Twin Daughters of Different Mothers
All That Jazz: Feb, 2012
Yours truly, itinerant jazz critic for these pages, was faced with something of an existential dilemma with the dawn of the new year.
A thoughtful review of events satisfies a great need, I mused, summing up, and evaluating recent events in our fair city. Unless we pause a while, every now and then, and reflect on what has just gone by, it’s just "Groundhog Day". So however alternative technologies may tempt us, it’s newspapers and magazines that help us see, and maybe catch hold of, the story arc of life as it unfolds.
Given the "hurry up" attention span of many of even the most ardent music fans, and readers of this paper, our hope is to innovate, and to continue to explore, with you, how our jazz coverage, including concert reviews, may be made more relevant, providing both the long-time fan and the neophyte with useful context. Maybe this means soft-pedaling the "first draft of history" nature of journalism, muting the snapshot nature of an ex post facto accounts of cultural events, as we find new ways to write about music in ways that remain accessible, even when the show is long over.

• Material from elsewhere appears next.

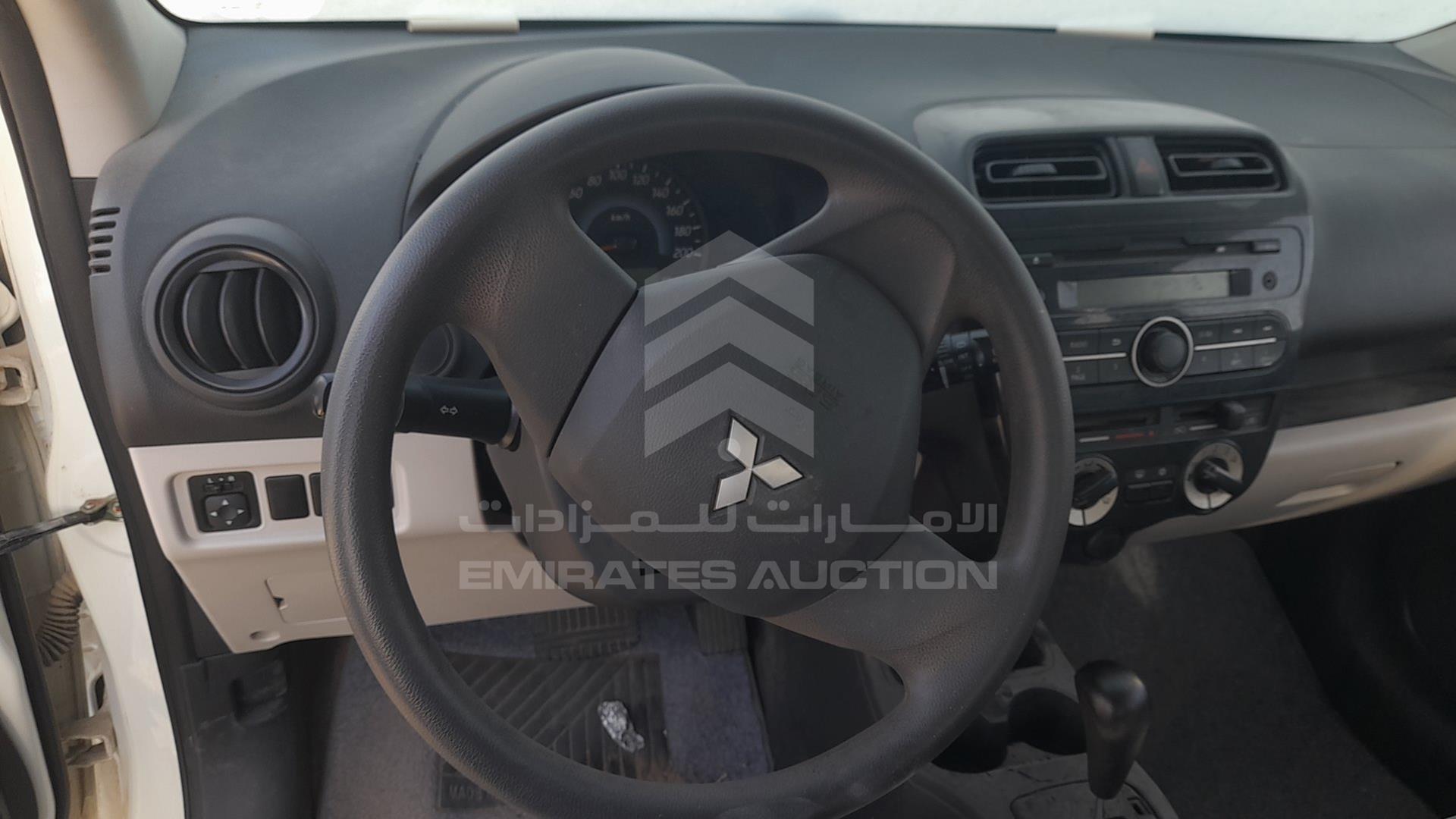 2014 MITSUBISHI MIRAGE VIN: MMBXTA03AEH025063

This month, I am happy to report, that a recent jazz date, late in November at Vienna’s beloved Jazzland (1., Franz-Josefs-Kai 29) provided me an evening that lingers like a lovely refrain. The appearance of Elly Wright and Carole Alston, two great ladies of song, backed by a swinging keyboard player and his trio, proved the beating heart of Austrian jazz is just around the corner, there for the taking.
Elly Wright, a Vienna icon for now 30 years, and Carole Alston, an American by birth has become an echte Wienerin by choice, since 2000 she has been performing Jazz and starring in musicals in and around Vienna. As expected, the women took a lovely stroll through the American songbook, both solo and together. With a combined repertoire ranging from Big Band "girl singer" favorites to the 3 o’clock-in-the-morning-blues, the tunes chosen reflected diverse swing, be-bop, even Tin Pan Alley provenance, with of course the blues popping its head up now and again, all steeped in powerful emotion.
Carole Alston was in particularly strong voice this night, with the allure of a Mediterranean siren, she sang a sonorous "East of the Sun" that one just had to witness to believe. With a palpable warmth, a clarity, even purity I had not expected, Carole seemed capable of almost anything, a voice of riches a-ripening as it matures!
When the lights went up, and the chairs turned over, the energy level Elly, Carole and crew put forth never ebbed, making it hard to hear the final notes. Little but the cold night air awaited. Fortunately, much of the music featured in this musical meeting of minds appears on "Nostalgically Yours, Two of a Kind" a CD issued by Groove Records and available via Elly’s website at www.ellywright.at.
With Carole and Elly headlining the recorded set, backed by the Erwin Schmidt Trio, (Erwin Schmidt piano, Joschi Schneeberger bass, Andy Weiss drums, with special guest, Christian Havel, guitar) the tunes are pretty evenly split between solo turns and duets featuring both Carole and Elly.
Especially noteworthy is a wonderful Ellington medley ("Beginning to See the Light/Satin Doll/Don’t Get Around Much Anymore") that plays to the strengths of both, trading leads with the band.
So, in case you missed it – the show that is – the music, and hours of entertainment, can be found with the recording, pictured here... if you get my drift!
Jazz is a contemplative art form, spooling breathlessly, in its best expression, into the unknown. You may not know you are a fan, but take the time, put a disc in the machine, and lean back a while. I hope you enjoy the ride, until next month!